Laurent Fournier a tenu à excuser la mauvaise prestation lyonnaise de son joueur : "Bernard a fait ce qu'il a avait à faire. C'était difficile, mais il y a des jours où l'on peut être moins bien. Ce n'est pas une question de place. On peut jouer à plusieurs places et être compétitif. Ce sont mes choix et je les assume". Toujours est-il que beaucoup de monde se demande pourquoi l'entraîneur a quand même aligné à gauche l'ancien Caennais, face à un spécialiste comme Govou.

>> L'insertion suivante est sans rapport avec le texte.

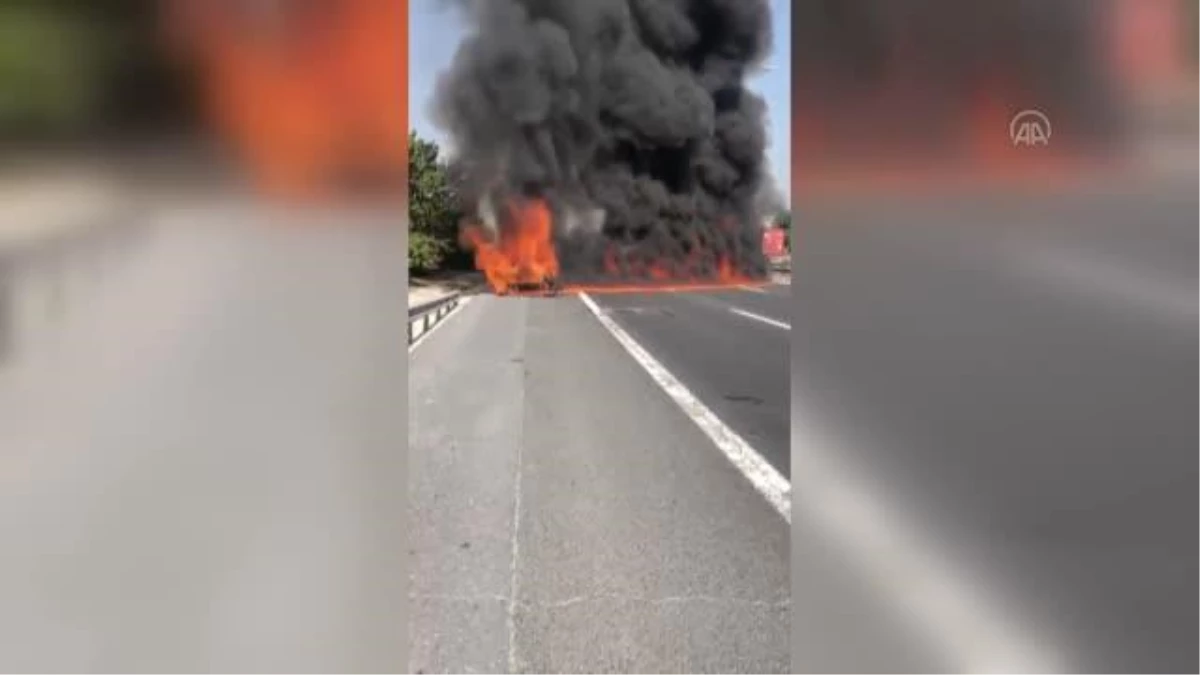 Son dakika gündem: TEM Otoyolu\'nda otomobil yangını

Mendy, lui, se veut plus lucide. S'il trouve son début de saison plutôt réussi, il juge son match lyonnais catastrophique : "A Lyon, j'ai été nul. Ce n'était pas tellement le fait de jouer latéral gauche puisque, depuis trois rencontres, j'évoluais à ce poste. C'est surtout que Sidney Govou m'a fait la misère. Je l'ai mal vécu. Alors je travaille. (...) Ce jour-là il m'a fait la totale. Cela arrive rarement. Si j'avais joué à droite et qu'il avait été en face de moi, cela ne se serait peut-être pas passé comme ça. On ne le saura jamais. Mais pour ne parler que de moi, j'ai été bidon."

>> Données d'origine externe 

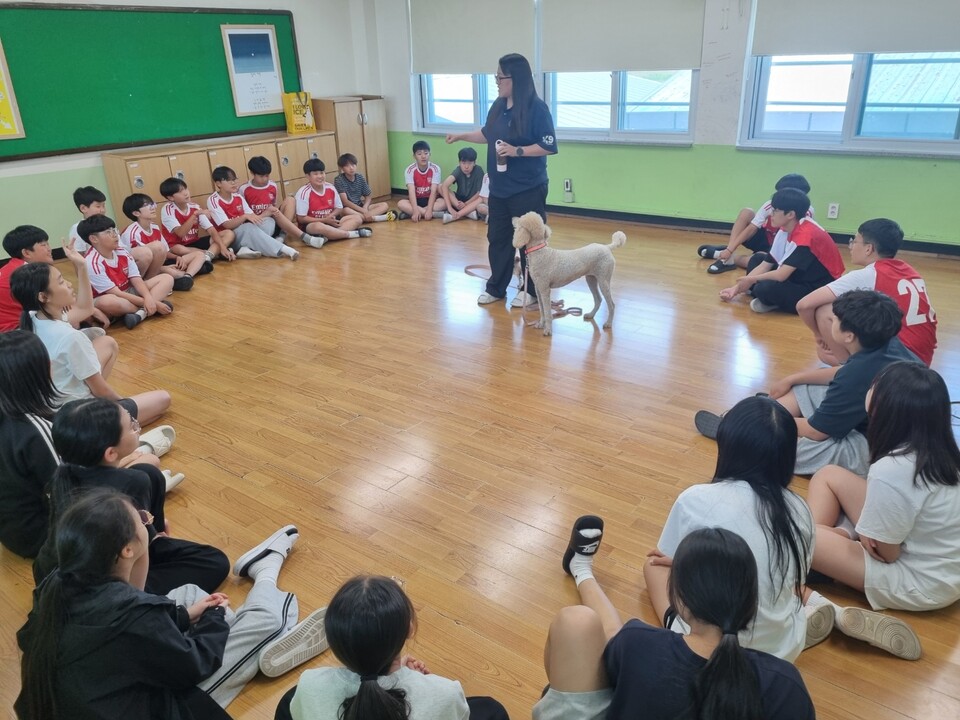 장성도서관, 반려동물 전문가 초청해 중학생 진로 체험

Même s'il pense être meilleur à droite, le latéral ne remet aucunement en cause les choix de Laurent Fournier et ne songe même pas à lui demander les raisons de ce changement. "A Bordeaux, cela s'était bien passé, contre Lens une semaine plus tard, un peu moins bien, et face à Lyon c'était nul. Comme dit Pauleta, Si on me changeait de poste, j'essaierais d'être le meilleur possible. C'est ce que je fais, même si, parfois, ce n'est pas terrible.

Quand on lui demande si les centres ne sont pas encore plus difficiles à faire à gauche, il répond avec humour : "C'est plus dur. Déjà qu'à droite, j'ai du mal à centrer..." Aussi se concentre-t-il sur son travail défensif et centre-t-il de son mieux lorsqu'il en a la possibilité.

Il garde toutefois des motifs d'espoir : "Je suis quand même à deux passes décisives cette saison, même si je peux apporter encore plus, que ce soit à gauche ou à droite."